Marty Holah
- Born: Martin Rowan Holah 10 September 1976 (age 49) Hamilton, New Zealand
- Height: 1.84 m (6 ft 0 in)
- Weight: 101 kg (15 st 13 lb)
- School: St John's College

Rugby union career
- Position: Flanker

Senior career
- Years: Team / Apps / (Points)
- 2007–11: Ospreys / 93 / (10)
- Correct as of 18 April 2011

Provincial / State sides
- Years: Team / Apps / (Points)
- 1999–2007, 2011–: Waikato / 87 / (50)
- Correct as of 9 October 2014

Super Rugby
- Years: Team / Apps / (Points)
- 2001–07: Chiefs / 81 / (15)

International career
- Years: Team / Apps / (Points)
- 2001–06: New Zealand / 36 / (15)
- –: NZ Maori

= Marty Holah =

NZ & Maori international rugby union player

Martin Rowan Holah (born 10 September 1976 in Hamilton, New Zealand) is a New Zealand former rugby union player, who has played for Welsh regional side Ospreys, the Waikato provincial team and the Chiefs Super Rugby franchise.

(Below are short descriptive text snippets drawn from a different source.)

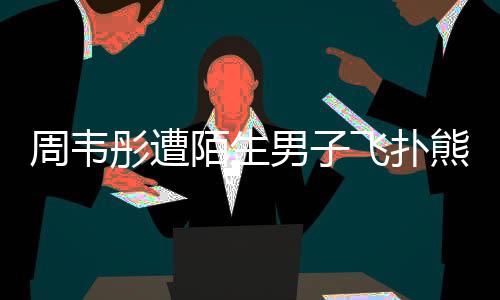 彤遭陌生摸 周韦男子熊抱还乱混乱场面飞扑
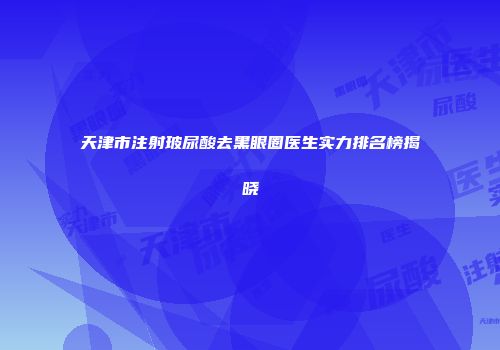 天津市注射玻尿酸去黑眼圈医生实力排名榜揭晓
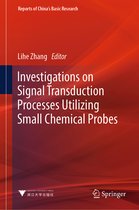 Reports of China’s Basic Research- Investigations on Signal Transduction Processes Utilizing Small Chemical Probes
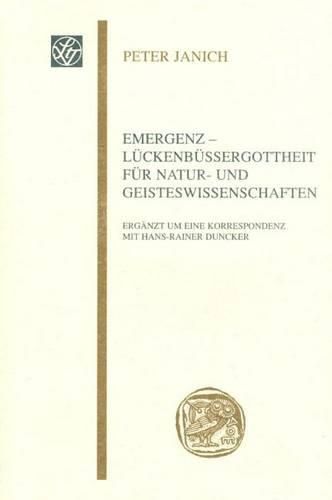 Cover image for Emergenz - Luckenbussergottheit Fur Natur- Und Geisteswissenschaften: Erganzt Um Eine Korrespondenz Mit Hans-Rainer Duncker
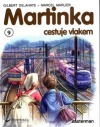 Martinka cestuje vlakem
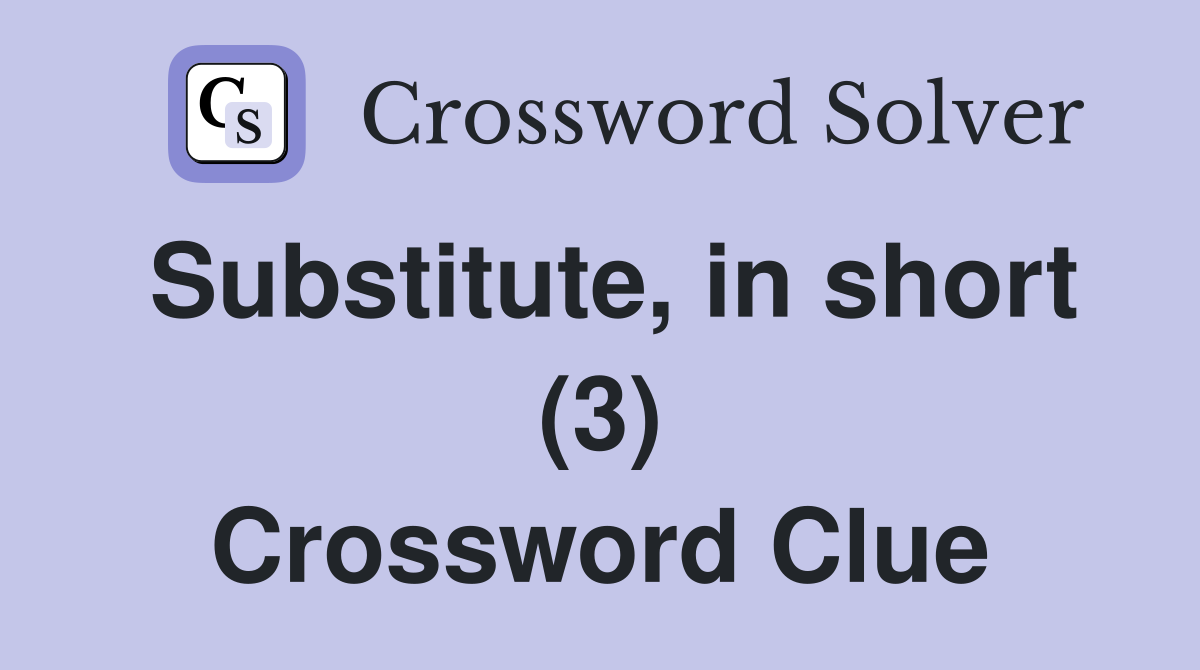 Substitute, in short (3) Crossword Clue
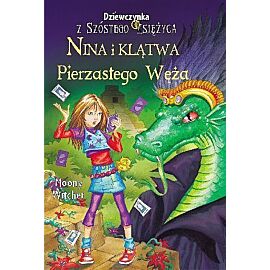 Nina i Klątwa Pierzastego Węża. Tom 3. Dziewczynka z Szóstego Księżyca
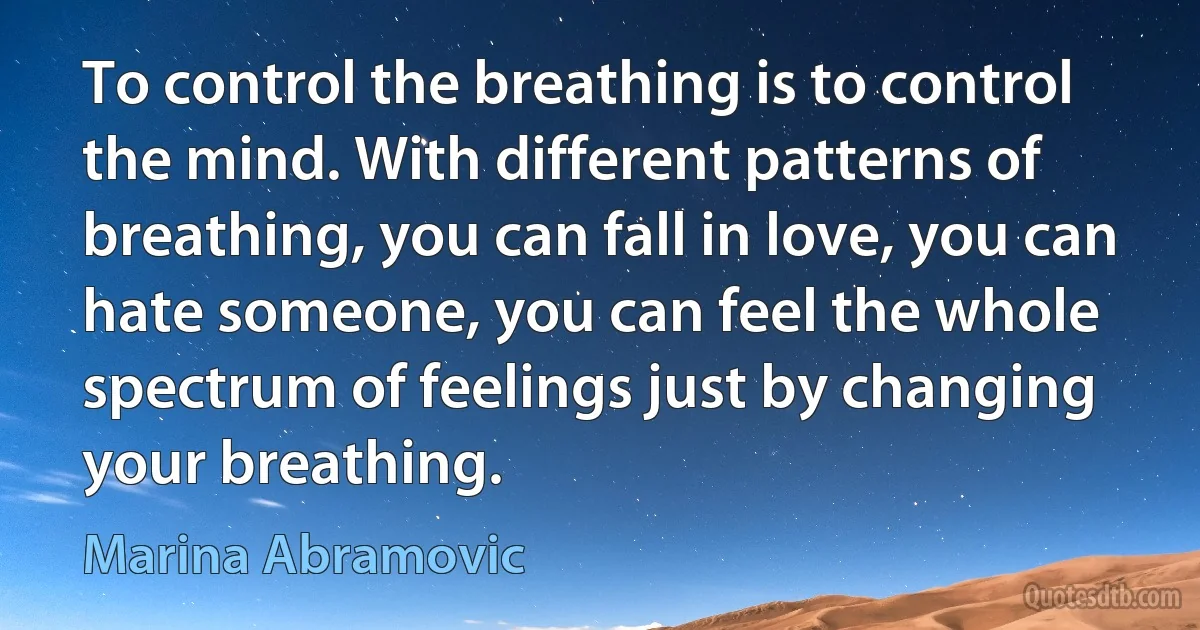 To control the breathing is to control the mind. With different patterns of breathing, you can fall in love, you can hate someone, you can feel the whole spectrum of feelings just by changing your breathing. (Marina Abramovic)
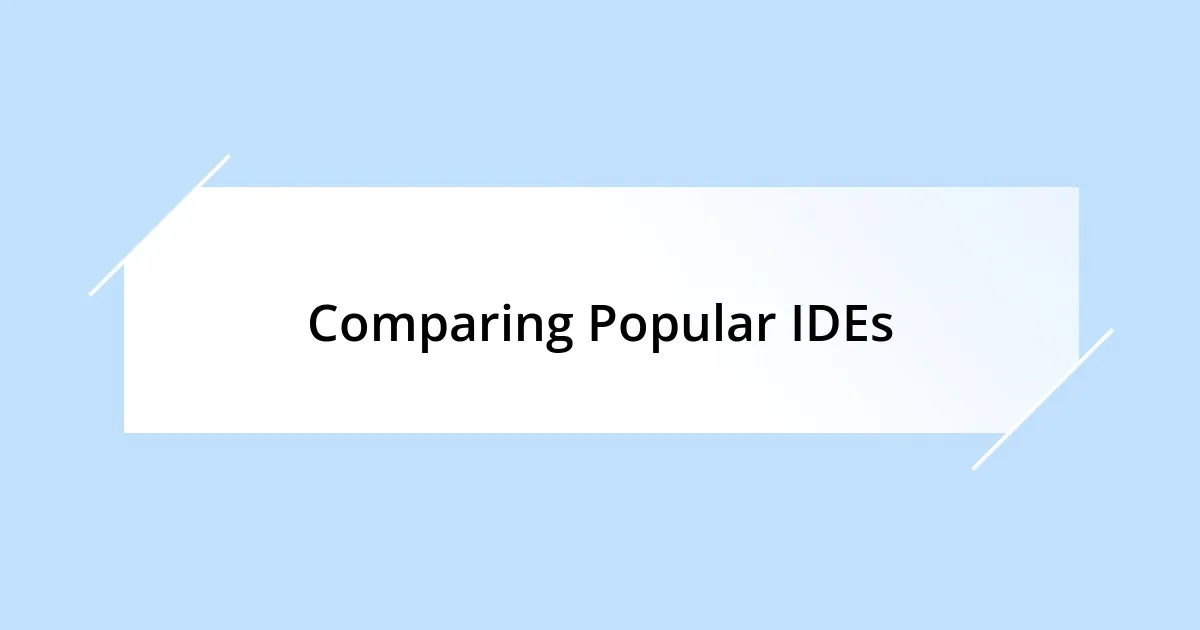 Comparing Popular IDEs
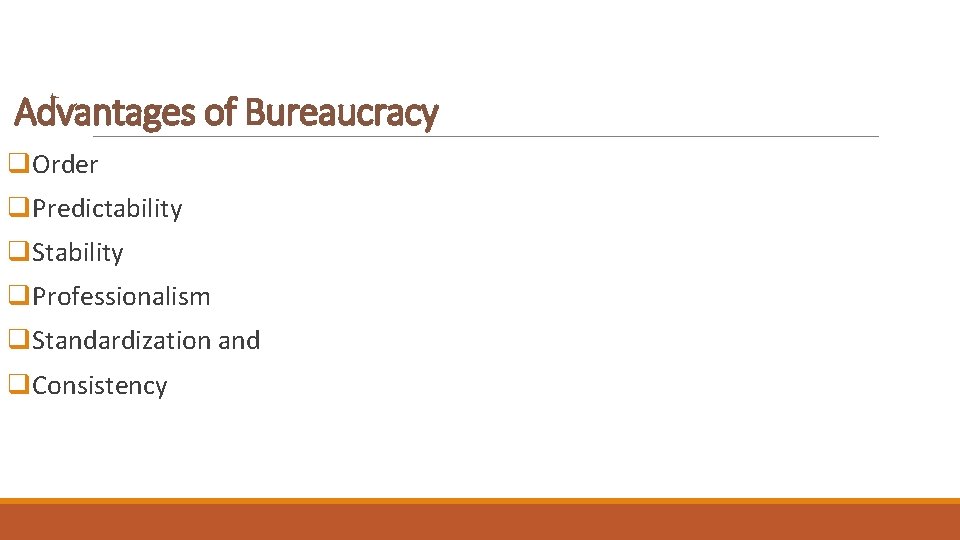 Advantages of Bureaucracy q. Order q. Predictability q. Stability q. Professionalism q. Standardization and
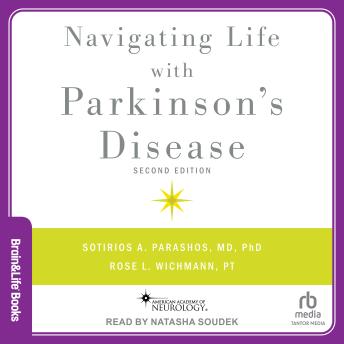 Download Navigating Life with Parkinson's Disease: 2nd ed by Sotirios Parashos, Md-Phd, Rose Wichmann, Pt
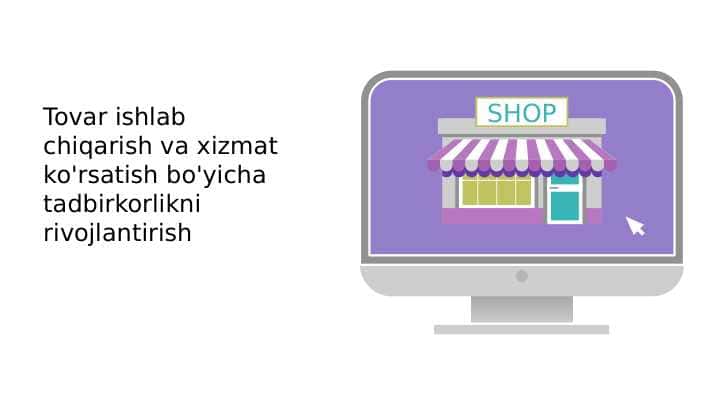 Tovar ishlab chiqarish va xizmat ko'rsatish bo'yicha tadbirkorlikni rivojlantirish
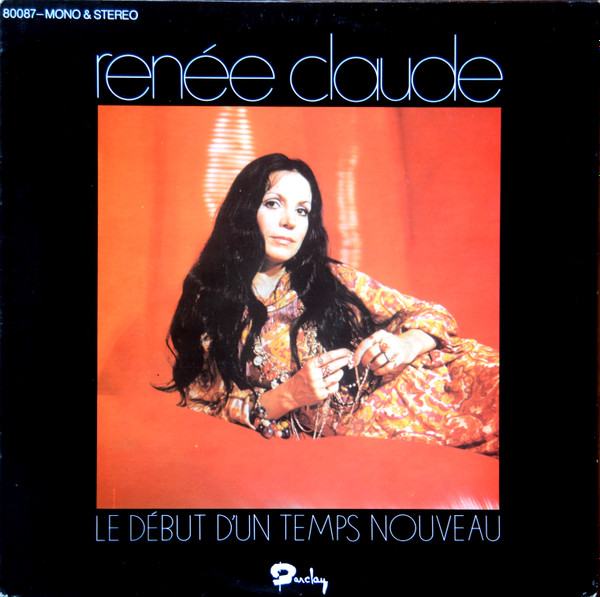 Renée Claude - Le Début D'un Temps Nouveau | Barclay (80087) - main Renée Claude - Le Début D'un Temps Nouveau | Barclay (80087) - main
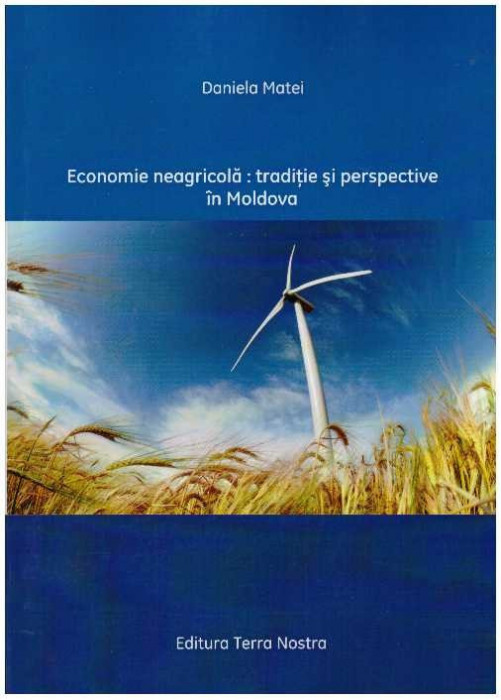 Daniela Matei - Economie neagricola - traditie si perspective in Moldova - 127823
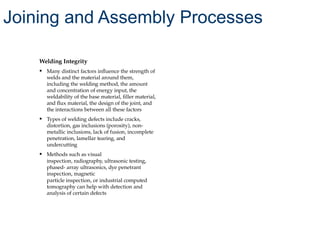 Welding Integrity
• Many distinct factors influence the strength of
welds and the material around them,
including the welding method, the amount
and concentration of energy input, the
weldability of the base material, filler material,
and flux material, the design of the joint, and
the interactions between all these factors
• Types of welding defects include cracks,
distortion, gas inclusions (porosity), non-
metallic inclusions, lack of fusion, incomplete
penetration, lamellar tearing, and
undercutting
• Methods such as visual
inspection, radiography, ultrasonic testing,
phased- array ultrasonics, dye penetrant
inspection, magnetic
particle inspection, or industrial computed
tomography can help with detection and
analysis of certain defects
Joining and Assembly Processes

Holah was capped in 36 international test matches for the New Zealand national team, the All Blacks.

The Waikato flanker made his debut for the All Blacks on 16 June 2001 against Samoa at Albany. He is known for his ability to steal the ball in the tackle. Holah was instrumental in the NZ Māori's defeat of the British & Irish Lions during the 2005 tour at his home ground, Waikato Stadium.

In 2006, Holah was named in the unfamiliar position of blind-side flanker for the test against Ireland in Hamilton, his first start in the All Black jersey since 2004.

On 14 August 2007, it was announced that Holah had signed a two-year contract with the Celtic League champions, the Ospreys. He enjoyed his time there, later signing a one-season extension on his contract. In the 2009/10 season he was named Ospreys' Coaches Player of the Year, having been named Man of the Match against the Leicester Tigers in a must-win Heineken Cupmatch with a heroic individual defensive display, which he reproduced multiple times in helping the Ospreys to lift the Magners League title that year.

On 18 April 2011 it was announced Holah would return home to play for Waikato in the 2011 ITM Cup. Holah became a regular member of the starting side.